I can't afford a fuckin' Mac before you start Blast :twisted:
I think that's wot we've got in our machine, which seems to do the trick most times, but it can get a bit uppity with certain makes of CD /DVD.

One time it claimed there wasn't enough space to put an hour of footage on a DVD :eek: which was typical, seeing as I'd said to some people who were round that night, "oh, I'll just run these copies off for you while you wait" :evil:

But bought some different ones and it was happy then :roll: :lol:

Re: Other DVD/CD coping.....thingys?

Posted: 07 Mar 2006, 18:06
by scotty
Mrs. Snowey wrote:
scotty wrote:I use the "SONY DVDRW 9" that came already installed when we got our PC (a Dell Inspiron 6000), is this any good?, is there better that I could get?, I seem to have problems copying some DVD/CD's.
Any thoughts?

Keith

*Edit*

I can't afford a fuckin' Mac before you start Blast :twisted:
I think that's wot we've got in our machine, which seems to do the trick most times, but it can get a bit uppity with certain makes of CD /DVD.
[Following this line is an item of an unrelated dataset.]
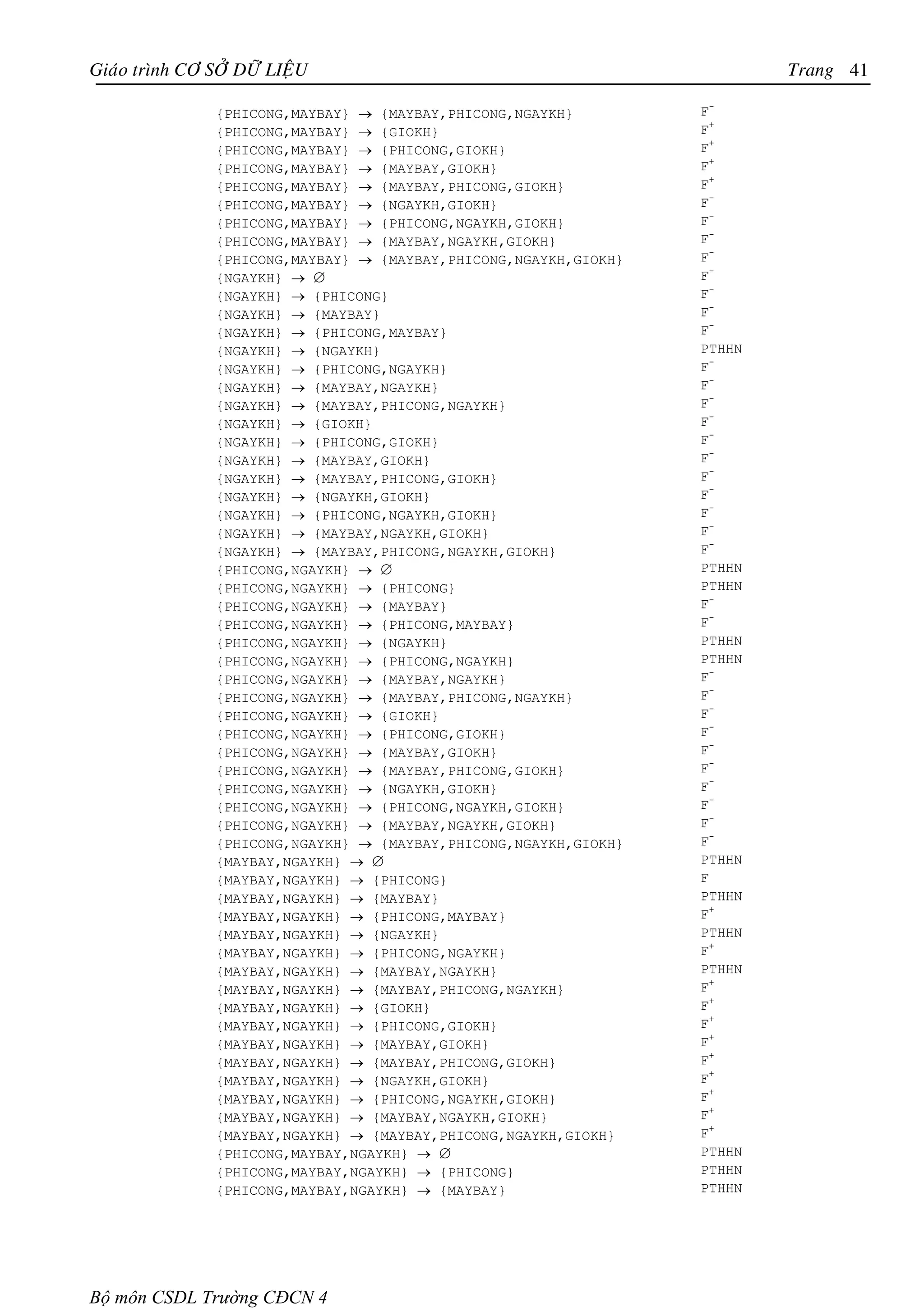 Giaùo trình CÔ SÔÛ DÖÕ LIEÄU                                               Trang 41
One time it claimed there wasn't enough space to put an hour of footage on a DVD :eek: which was typical, seeing as I'd said to some people who were round that night, "oh, I'll just run these copies off for you while you wait" :evil:

But bought some different ones and it was happy then :roll: :lol:
The "Not Enough space thing" has happened to me a couple of times :urff:

The rewriter seems to working OK, I was just wondering if there was anything else/better I could install other than what came with the 'puttor?, there doesn't seem to be a function to change the speed of the copying, am I stuck with the preinstalled system?.
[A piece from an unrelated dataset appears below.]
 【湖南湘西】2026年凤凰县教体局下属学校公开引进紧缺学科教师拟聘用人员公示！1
Posted: 07 Mar 2006, 18:18
by Obviousman
Think that's more of a software issue?

Posted: 07 Mar 2006, 18:20
by davedecay
there are many issues with burning DVDs.
for one, 4.7 GB is really more like 4.3 GB after overhead.

sometimes you need enough free space on your hard drive for temporary files that the burning software creates - if you don't have ~5 GB free, it could be that, too.

newer drives support faster media, up to 16x single layer, and burn dual-layer which holds 2x as much data. DL media is still quite expensive compared to SL, which can be found for 23cents US a disc in 50 packs.